Sunday, January 22, 2017, 18:42:UTC)(
24 December 2011
Slightly smaller oilfield, Iran -- Iranian officials cheerfully announced today that teams of military engineers have reverse engineered the guts of the recently downed drone after weeks of non-stop effort. "The hard part was finding the right torx screwdriver, " explained lead engineer Mohamed Hammenstein, "After that, we removed the panel marked "secret stuff". Inside, we found an electronic device made of composite materials. We were all sitting down having a well deserved meal of khoresht when Abdul saw a small gift-wrapped rectangular object with a festive card addressed to us personally that was duct-taped to the side of the drone. We opened it and by the will of Allah it looked like it would fit into the opening of the mysterious device we had been spinning in a centrifuge for the past 48 hours."
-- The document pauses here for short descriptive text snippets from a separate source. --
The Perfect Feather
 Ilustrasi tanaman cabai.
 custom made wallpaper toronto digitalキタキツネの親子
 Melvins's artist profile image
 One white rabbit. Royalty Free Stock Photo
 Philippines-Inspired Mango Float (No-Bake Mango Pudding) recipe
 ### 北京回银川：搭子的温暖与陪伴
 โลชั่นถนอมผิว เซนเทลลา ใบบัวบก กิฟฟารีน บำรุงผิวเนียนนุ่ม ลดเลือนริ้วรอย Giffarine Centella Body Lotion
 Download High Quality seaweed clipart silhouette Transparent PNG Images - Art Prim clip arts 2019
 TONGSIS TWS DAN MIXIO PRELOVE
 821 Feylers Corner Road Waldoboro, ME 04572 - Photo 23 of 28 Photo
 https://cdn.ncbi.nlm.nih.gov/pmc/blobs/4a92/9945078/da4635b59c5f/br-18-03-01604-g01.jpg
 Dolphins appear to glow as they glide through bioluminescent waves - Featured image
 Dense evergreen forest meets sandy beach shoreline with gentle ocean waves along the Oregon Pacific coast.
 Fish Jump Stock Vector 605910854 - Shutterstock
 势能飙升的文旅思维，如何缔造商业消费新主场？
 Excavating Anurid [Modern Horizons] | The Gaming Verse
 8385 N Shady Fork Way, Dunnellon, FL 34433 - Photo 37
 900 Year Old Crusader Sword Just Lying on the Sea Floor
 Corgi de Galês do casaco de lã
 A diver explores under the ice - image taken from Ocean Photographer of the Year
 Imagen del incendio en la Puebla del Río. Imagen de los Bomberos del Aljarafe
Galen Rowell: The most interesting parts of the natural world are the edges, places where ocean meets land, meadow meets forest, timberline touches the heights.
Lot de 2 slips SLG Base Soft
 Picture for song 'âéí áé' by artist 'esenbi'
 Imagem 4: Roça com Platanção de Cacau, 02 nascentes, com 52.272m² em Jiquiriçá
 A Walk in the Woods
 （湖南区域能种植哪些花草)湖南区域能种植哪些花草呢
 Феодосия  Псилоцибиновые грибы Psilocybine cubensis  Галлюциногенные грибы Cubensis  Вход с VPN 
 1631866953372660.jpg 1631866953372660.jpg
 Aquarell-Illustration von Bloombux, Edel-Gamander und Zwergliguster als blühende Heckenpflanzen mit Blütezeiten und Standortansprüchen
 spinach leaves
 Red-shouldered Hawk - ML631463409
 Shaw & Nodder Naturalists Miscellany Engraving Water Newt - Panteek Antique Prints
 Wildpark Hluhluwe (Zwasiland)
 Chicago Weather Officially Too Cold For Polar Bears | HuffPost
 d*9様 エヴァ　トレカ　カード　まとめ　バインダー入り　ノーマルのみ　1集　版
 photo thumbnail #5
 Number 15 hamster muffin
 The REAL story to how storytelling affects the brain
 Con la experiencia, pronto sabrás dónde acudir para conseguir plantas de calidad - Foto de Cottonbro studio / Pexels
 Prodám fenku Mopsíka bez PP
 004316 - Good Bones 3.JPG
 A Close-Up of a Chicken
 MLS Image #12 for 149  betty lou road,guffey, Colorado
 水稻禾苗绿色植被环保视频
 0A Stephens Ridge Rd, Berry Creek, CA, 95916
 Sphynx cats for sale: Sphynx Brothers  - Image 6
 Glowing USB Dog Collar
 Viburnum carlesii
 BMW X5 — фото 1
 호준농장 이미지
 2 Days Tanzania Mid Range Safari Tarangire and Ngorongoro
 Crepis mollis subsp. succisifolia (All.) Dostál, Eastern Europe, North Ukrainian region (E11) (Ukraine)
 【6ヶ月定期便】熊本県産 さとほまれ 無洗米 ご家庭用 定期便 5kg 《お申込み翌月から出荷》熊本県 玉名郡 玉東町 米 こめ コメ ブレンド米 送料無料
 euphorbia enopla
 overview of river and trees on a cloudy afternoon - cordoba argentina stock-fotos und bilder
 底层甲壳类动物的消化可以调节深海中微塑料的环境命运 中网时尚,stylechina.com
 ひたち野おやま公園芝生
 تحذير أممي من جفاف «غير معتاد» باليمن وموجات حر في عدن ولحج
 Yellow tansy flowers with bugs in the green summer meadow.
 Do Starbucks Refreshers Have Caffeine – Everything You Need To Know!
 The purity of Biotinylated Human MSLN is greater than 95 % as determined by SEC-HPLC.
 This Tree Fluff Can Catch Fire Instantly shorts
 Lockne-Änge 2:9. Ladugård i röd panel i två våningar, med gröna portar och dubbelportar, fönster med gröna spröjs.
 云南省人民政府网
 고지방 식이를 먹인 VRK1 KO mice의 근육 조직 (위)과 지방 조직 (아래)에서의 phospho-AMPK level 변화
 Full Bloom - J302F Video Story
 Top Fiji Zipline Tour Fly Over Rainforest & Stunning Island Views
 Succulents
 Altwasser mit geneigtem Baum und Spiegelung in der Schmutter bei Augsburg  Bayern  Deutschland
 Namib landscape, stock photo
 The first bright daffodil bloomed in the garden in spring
The device and its associated VHS tape were released to the scrutiny of cryptography experts well versed in the communication methods of the mysterious drone aircraft. "...eventually we plugged the device into the wall and pressed play. Then, in the panic that followed, we realized too late the tape was getting all chewed up and the tracking was all off."
Although dismayed with the poor quality of the image and sound, remnants of the recording were preserved regardless and agents were able to piece together enough of the message to realize it was a video of Rick Astley's "Never Gonna Give You Up", looped over and over again.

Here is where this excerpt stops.